Taking the line that contains "Presidente da Comissão" as the first and the final line of the records as the last, write out every line between them exactly, ends included, and nothing else.

**Crawled caption data**
· · ·

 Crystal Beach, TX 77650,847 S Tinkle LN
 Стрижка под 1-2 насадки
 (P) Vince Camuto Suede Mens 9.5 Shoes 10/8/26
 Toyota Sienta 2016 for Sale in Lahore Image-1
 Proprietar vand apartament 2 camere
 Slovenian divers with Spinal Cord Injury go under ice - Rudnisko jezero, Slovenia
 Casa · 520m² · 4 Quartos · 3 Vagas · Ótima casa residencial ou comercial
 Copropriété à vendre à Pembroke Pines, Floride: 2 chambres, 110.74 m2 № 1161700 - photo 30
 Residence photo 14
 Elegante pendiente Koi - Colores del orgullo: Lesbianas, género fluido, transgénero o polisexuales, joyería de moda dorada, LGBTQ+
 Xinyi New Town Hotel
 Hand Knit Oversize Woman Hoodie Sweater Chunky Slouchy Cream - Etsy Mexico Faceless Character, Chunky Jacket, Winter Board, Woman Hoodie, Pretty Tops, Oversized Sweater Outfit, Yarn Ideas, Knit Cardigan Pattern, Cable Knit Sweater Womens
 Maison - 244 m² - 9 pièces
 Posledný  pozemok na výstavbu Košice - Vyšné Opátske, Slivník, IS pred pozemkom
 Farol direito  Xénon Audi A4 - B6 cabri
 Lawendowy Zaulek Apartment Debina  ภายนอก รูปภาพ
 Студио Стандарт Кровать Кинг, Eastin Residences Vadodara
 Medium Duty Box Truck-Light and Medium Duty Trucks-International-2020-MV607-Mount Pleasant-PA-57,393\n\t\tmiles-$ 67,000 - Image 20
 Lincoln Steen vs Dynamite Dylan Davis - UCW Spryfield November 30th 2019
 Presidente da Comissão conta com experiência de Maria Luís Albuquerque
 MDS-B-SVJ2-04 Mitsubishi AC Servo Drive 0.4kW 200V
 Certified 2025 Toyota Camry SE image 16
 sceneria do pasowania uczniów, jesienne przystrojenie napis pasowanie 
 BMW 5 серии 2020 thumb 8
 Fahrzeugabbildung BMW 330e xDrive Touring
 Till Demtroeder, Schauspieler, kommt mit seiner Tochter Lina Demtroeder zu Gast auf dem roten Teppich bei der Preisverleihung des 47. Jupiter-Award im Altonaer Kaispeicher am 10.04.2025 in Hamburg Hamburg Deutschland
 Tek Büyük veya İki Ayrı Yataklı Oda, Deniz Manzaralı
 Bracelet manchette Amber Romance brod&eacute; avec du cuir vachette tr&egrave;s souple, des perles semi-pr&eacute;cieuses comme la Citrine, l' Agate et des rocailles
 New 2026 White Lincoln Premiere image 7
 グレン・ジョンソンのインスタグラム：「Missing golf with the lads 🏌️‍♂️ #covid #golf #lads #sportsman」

· · ·

**COMPLETED TASK**
 Presidente da Comissão conta com experiência de Maria Luís Albuquerque
 MDS-B-SVJ2-04 Mitsubishi AC Servo Drive 0.4kW 200V
 Certified 2025 Toyota Camry SE image 16
 sceneria do pasowania uczniów, jesienne przystrojenie napis pasowanie 
 BMW 5 серии 2020 thumb 8
 Fahrzeugabbildung BMW 330e xDrive Touring
 Till Demtroeder, Schauspieler, kommt mit seiner Tochter Lina Demtroeder zu Gast auf dem roten Teppich bei der Preisverleihung des 47. Jupiter-Award im Altonaer Kaispeicher am 10.04.2025 in Hamburg Hamburg Deutschland
 Tek Büyük veya İki Ayrı Yataklı Oda, Deniz Manzaralı
 Bracelet manchette Amber Romance brod&eacute; avec du cuir vachette tr&egrave;s souple, des perles semi-pr&eacute;cieuses comme la Citrine, l' Agate et des rocailles
 New 2026 White Lincoln Premiere image 7
 グレン・ジョンソンのインスタグラム：「Missing golf with the lads 🏌️‍♂️ #covid #golf #lads #sportsman」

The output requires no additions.